“Истинная религия и смысл жизни”
Показательны в этом отношении рассуждения Толстого от имени Левина в последних главах романа “Анна Каренина”. Откуда, для чего, зачем и что такое жизнь, каков ее смысл, а также смысл человеческих побуждений и стремлений — вот опросы, поставленные Толстым перед Левиным. “Организм, разрушение его, неистребимость материи, закон сохранения силы” развитие — были те слова, которые заменили ему прежнюю веру. Слова эти и связанные с ними понятия были очень хороши для умственных целей; но для жизни они ничего не давали. Не найдя ответа в теориях материалистов и естествоиспытателей, Левин обратился к идеалистической философии, к сочинениям Платона, Канта, Шеллинга, Гегеля и Шопенгауэра, но рационалистические конструкции с неопределенен понятиями рушились тотчас же, как только он вспоминал, что в жизни человека есть много более важного, чем разум, такою, что с помощью разума объяснить нельзя. В своих поисках Левин добрался до богословской литературы и в том числе до сочинений Хомякова. Сначала он согласился с идеологом славянофильства, что постижение «божественных истин» дано не отдельному человеку, а совокупности людей, объединенных церковью. Но изучение истории разных церквей привело его к убеждению, что церкви враждебны друг другу и каждая из них претендует на исключительность. Последнее обстоятельство вызнало у него недоверие к церковному богословию и заставило искать истину в своей, собственной душе. В словах крестьянина Федора: “жить для Бога, для души”, “жить по правде, по божьи” ему неожиданно открылся смысл жизни.
Толстой доказывает, что все ученые и мыслители, ставившие вопрос о смысле жизни, или давали неопределенный ответ, или приходили к признанию бессмысленности конечного существования человека перед лицом бесконечного мира. Однако суть вопроса Толстой видит в том, какой смысл именно конечного в бесконечном? Какое вневременное и внепространственное значение имеет индивидуальная жизнь, взятая сама по себе? И эта новая постановка вопроса приводит Толстого к ещё более категорическому заявлению, что только религиозная вера раскрывает перед человеком смысл его жизни, направляет его на путь совершенствования себя и общества, “Цель жизни только одна: стремиться к тому совершенству, которое указал нам Христос, сказав: “Будьте совершенны, как Отец ваш небесный”. Эта единственная доступная человеку цель жизни достигается не стоянием на столбе, не аскетизмом, а выработкою в себе любовного общения со всеми людьми. Из стремления к этой правильно понимаемой цели вытекают все полезные человеческие деятельности, и соответственно этой цели решаются все вопросы”.

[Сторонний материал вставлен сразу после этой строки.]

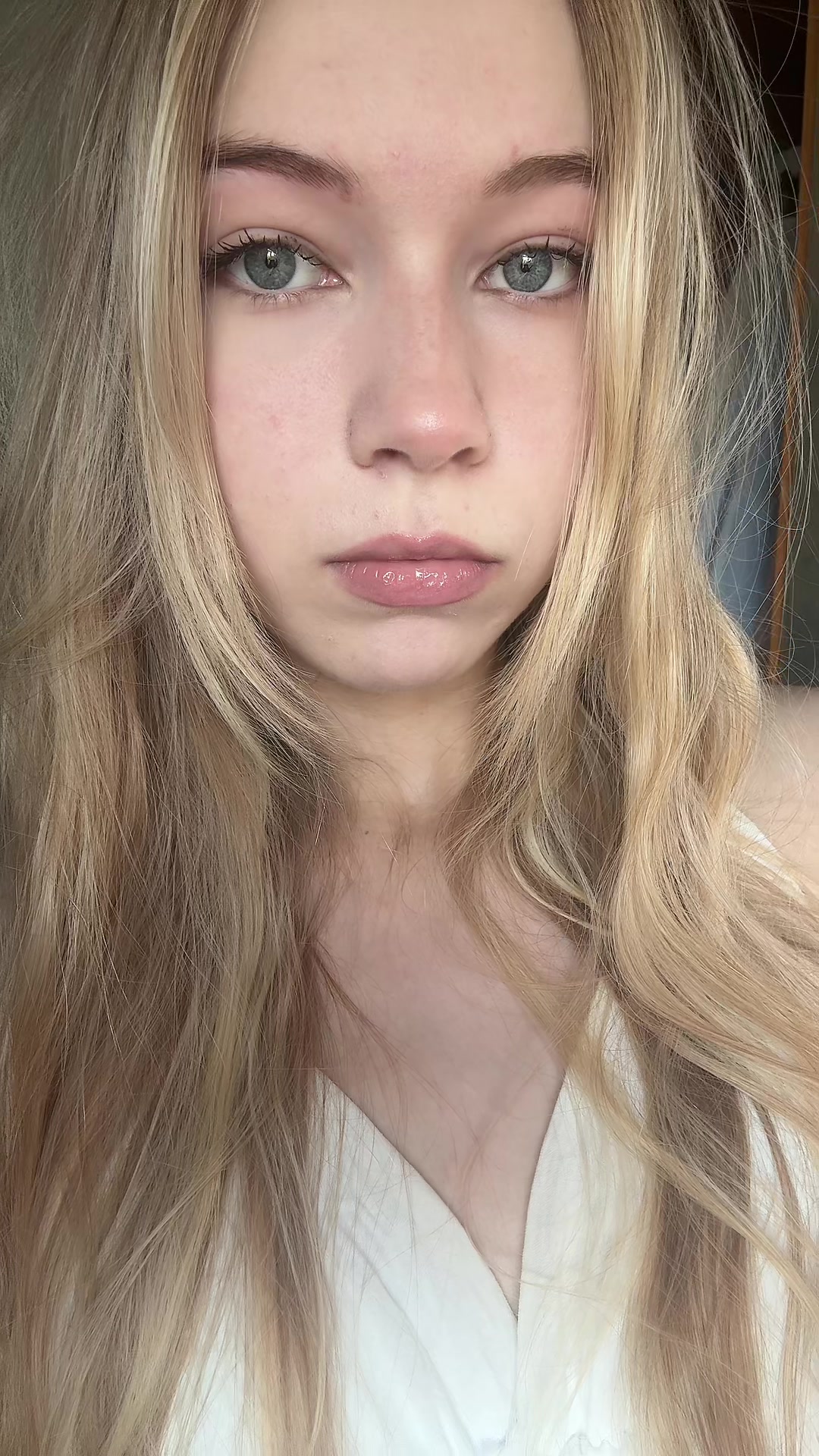 @оливка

Хотя конечная цель жизни мира и скрыта от человека, тем не менее он, зная “дело бога”, понимает, что в этом он призван участвовать посредством увеличения любви или, как говорит Толстой, — установлением “царства божия внутри нас и вне нас”. Человек проникается сознанием, что он — орудие, которым, работает бог, и что его личное благо состоят в участия в этой работе.

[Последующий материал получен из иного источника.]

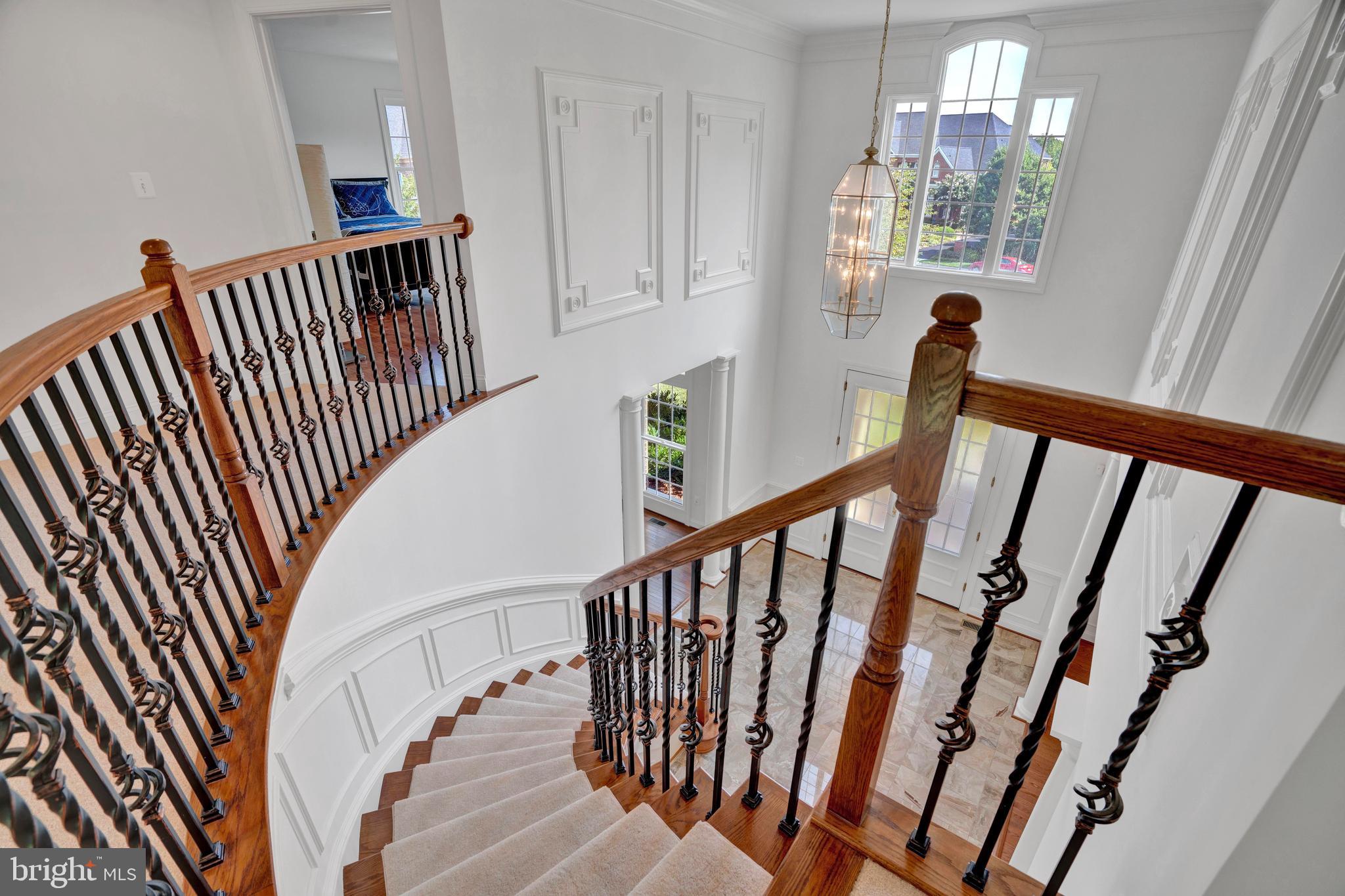 OAK HILL RESERVE - Residential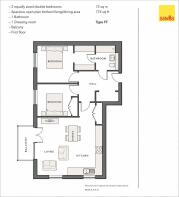 0edb72e7-fb85-409...
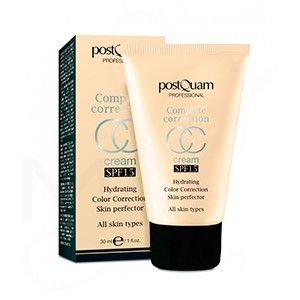 PQ-CC CREAM 30ml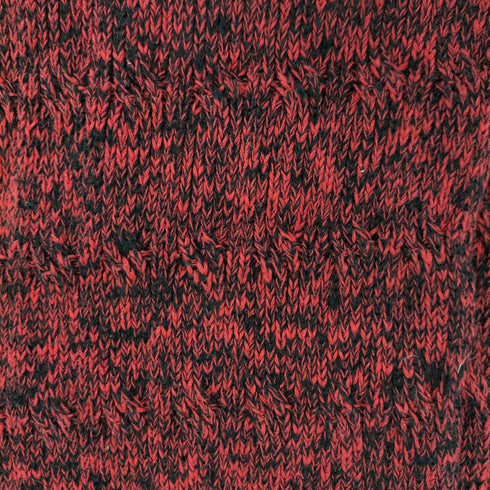 アルマーニエクスチェンジ ARMANI EXCHANGE フリンジデザイン マフラー メンズ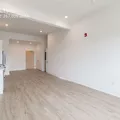 Studio Apartment for rent in Point Breeze - South Philadelphia, Philadelphia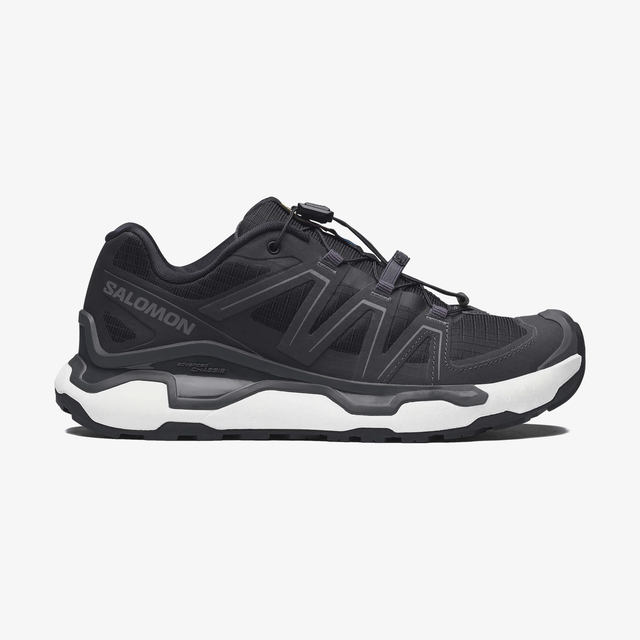 L49127000-XC ROAM W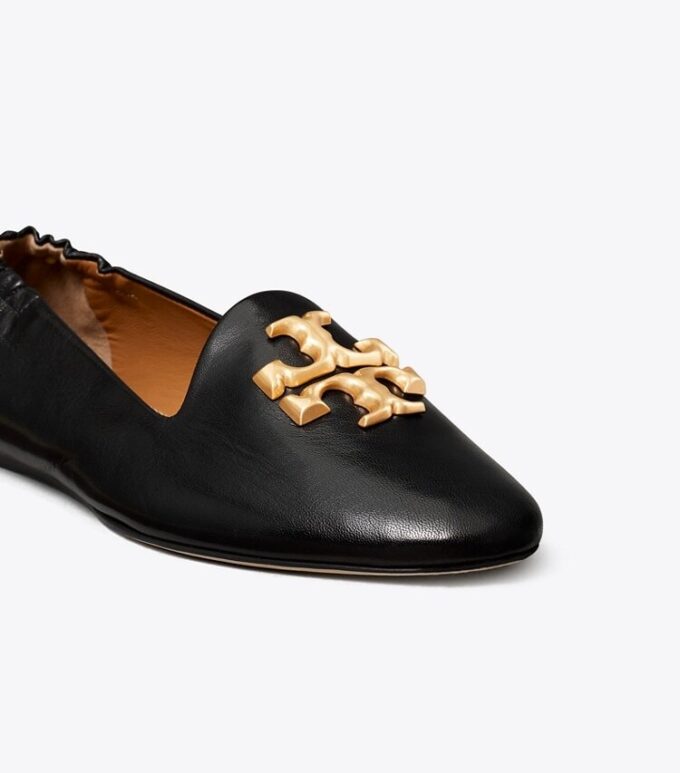 Eleanor Loafer Eleanor Loafer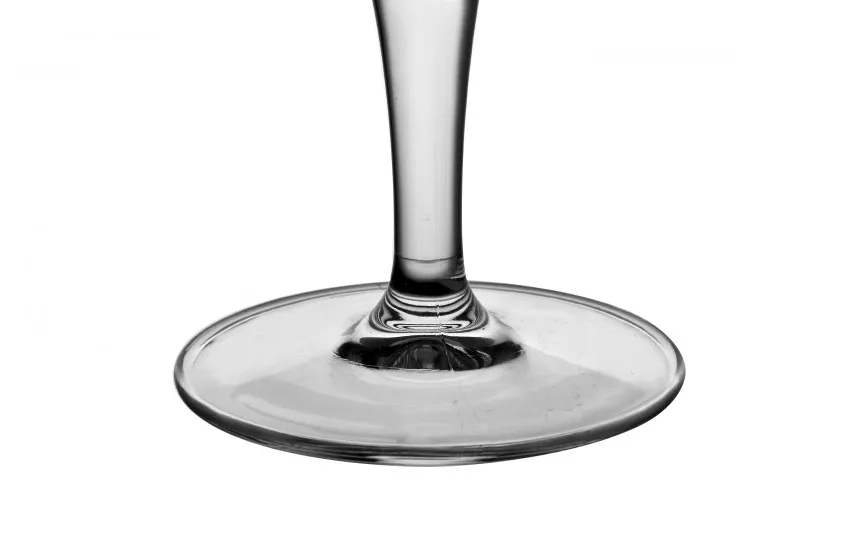 PASABAHCE Szklanka do piwa Craft 410 ml Sale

Практическое средство для осуществления указанной цели Толстой видит в принципе “непротивления злу насилием”. Перелагая евангельские заповеди, он находит в них совершеннейшее выражение моральных норм, обязательных в любом обществе. Но центральным связующим положением этого кодекса, по его мнению, является принцип непротивления. Люди всегда понимали, что личное благополучие связано с благом других. Но они ошибочно думали, что проведение в жизнь этого закона можно достигнуть с помощью насилия, которое оправдывалось необходимостью возмездия за несоблюдение закона. Поэтому одни брали на себя исполнение возмездия и на этом развращались, другие повиновались и тоже развращались покорностью перед насилием власти. Такому удалению от норм истинной жизни содействовала и церковь, “но как огонь не тушит огня, так зло не может потушить зла. Только добро, встречая зло и не заражаясь им, побеждает зло”. Осуждая одинаково за насилие и правительство, и революционеров, Толстой дает следующие рекомендации практической этики: 1) перестать самому делать прямое насилие, а также и готовиться к нему; 2) не принимать участия в каком бы то ни было насилии делаемом другими людьми; 3) не одобрять никакого насилия.